The latest UN report, leaked to several international media outlets, blamed Iran for most of the conflict in Yemen but was also critical of the Saudi-led coalition concerning civilian casualties.
In December, US Ambassador to the United Nations Nikki Haley presented the UN Security Council with what she described as irrefutable proof of Iran supplying Houthi rebels with weaponry.
“These are Iranian made, these are Iranian sent and these were Iranian given,” Haley said. “You will see us build a coalition to really push back against Iran and what they’re doing.”
Analysts said the more recent UN report might give the Trump administration justification for further sanctions against the Iranian government, which denies arming the Houthis.

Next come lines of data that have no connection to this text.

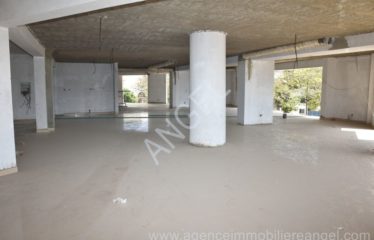 DAKAR AMITIÉ : Showroom de 718 m² à louer sur l’avenue Bourguiba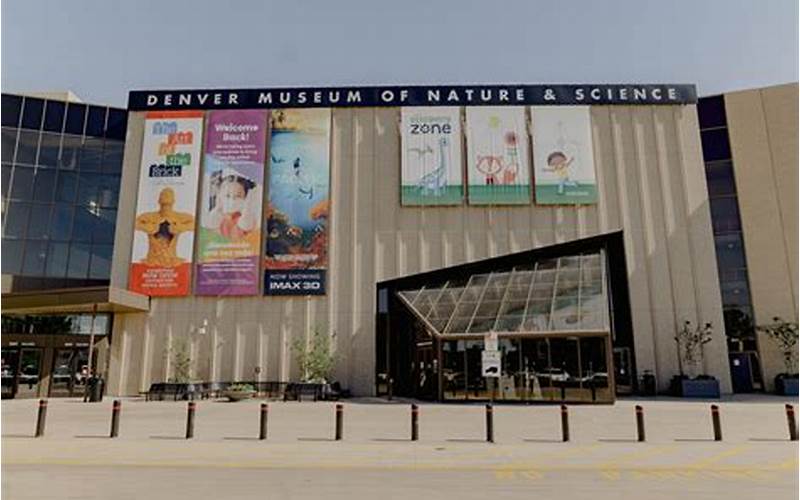 How To Use A Denver Museum Of Nature And Science Promo Code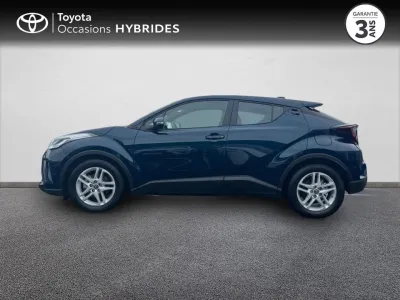 TOYOTA C-HR 2.0 Hybride 184ch Dynamic Ultimate E-CVT occasion 2023 - Photo 3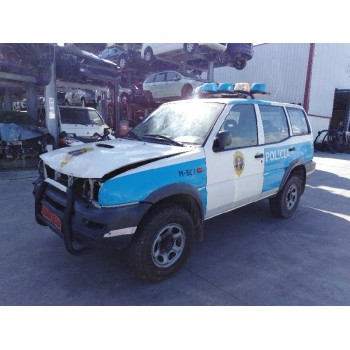 nissan terrano/terrano.ii (r20) del año 1999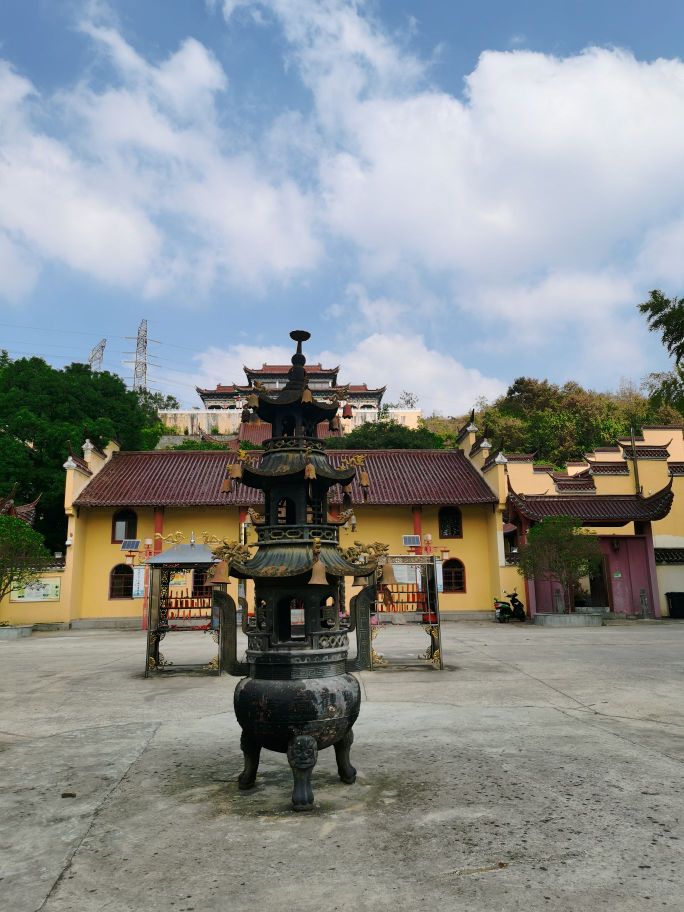 安庆市宜区观音寺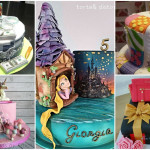 Famous Cake Artists' Pretty Fantastic Cakes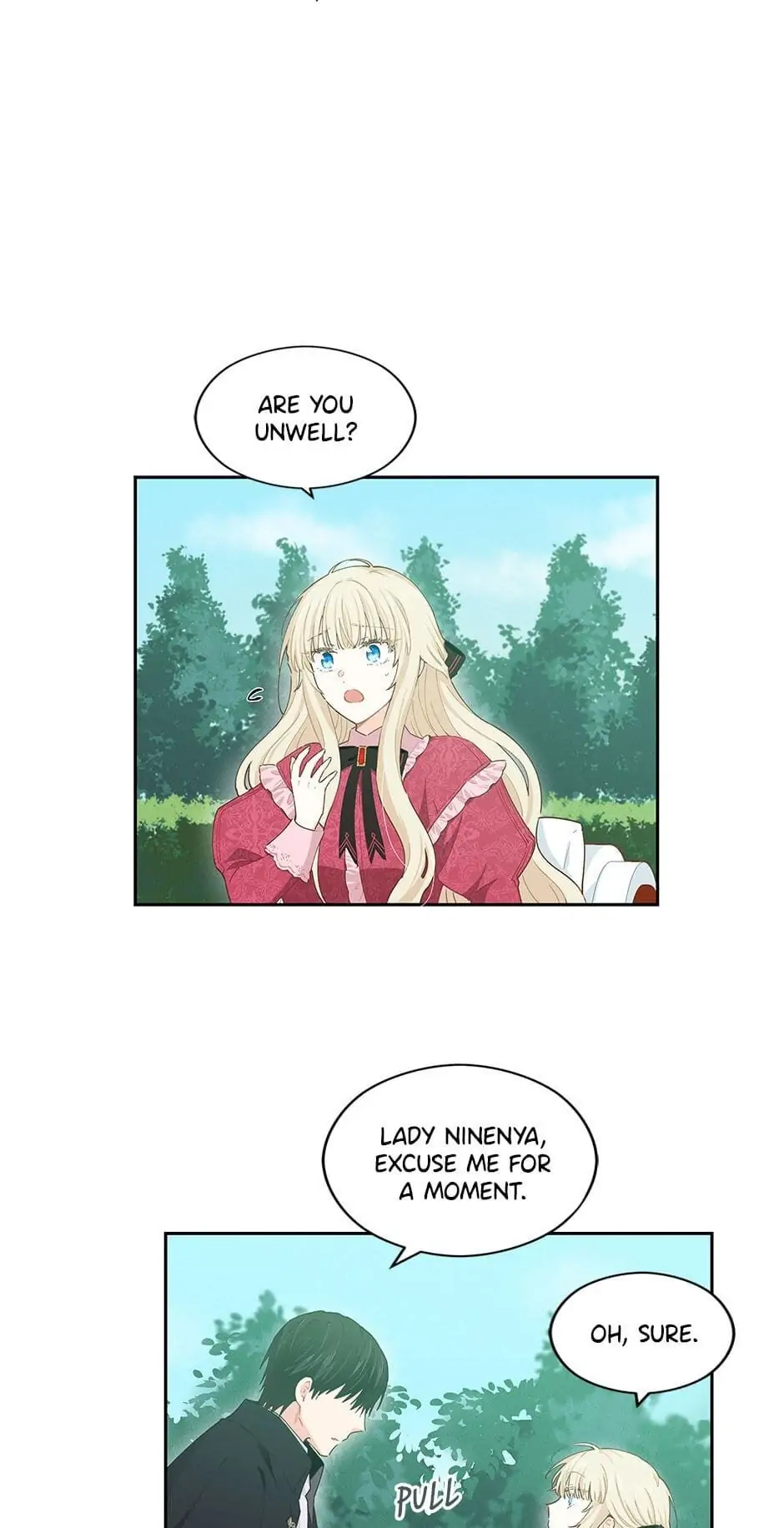 I Have No Health Chapter 19 page 61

As the war rages on and the humanitarian and economic circumstances in Yemen deteriorate, Saudi Arabia answered a call from Yemen’s internationally recognised government asking for help in saving the country’s currency from collapse.
Saudi King Salman bin Abdulaziz Al Saud on January 17 issued a directive to transfer $2 billion to the Central Bank of Yemen to support the Yemeni rial. The move by Saudi Arabia to save the Yemeni currency resulted in a 16% spike for the rial against the dollar.
The total amount given by Riyadh to Yemen’s central bank since the start of the war is more than $3 billion.
“All this money has been sent with the aim to boost Yemen’s financial and economic situation while bolstering the Yemeni rial. As the value of the rial goes up, the living conditions of Yemeni citizens will change for the better,” an official statement carried by the Saudi Press Agency said.
Saudi sources called the latest cash infusion “a deposit… the legitimate Yemeni government will not have to return.”
The conflict in Yemen began when Shia Houthis and forces loyal to former President Ali Abdullah Saleh overran Sana’a in September 2014 and seized most of the country. A Saudi-led Arab coalition, supported by the United States and the United Kingdom, began an air campaign against the rebels in March 2015.
Saleh was killed in Sana’a last December by the Houthis two days after he said he was willing to “turn a new page” with the Saudi-led coalition.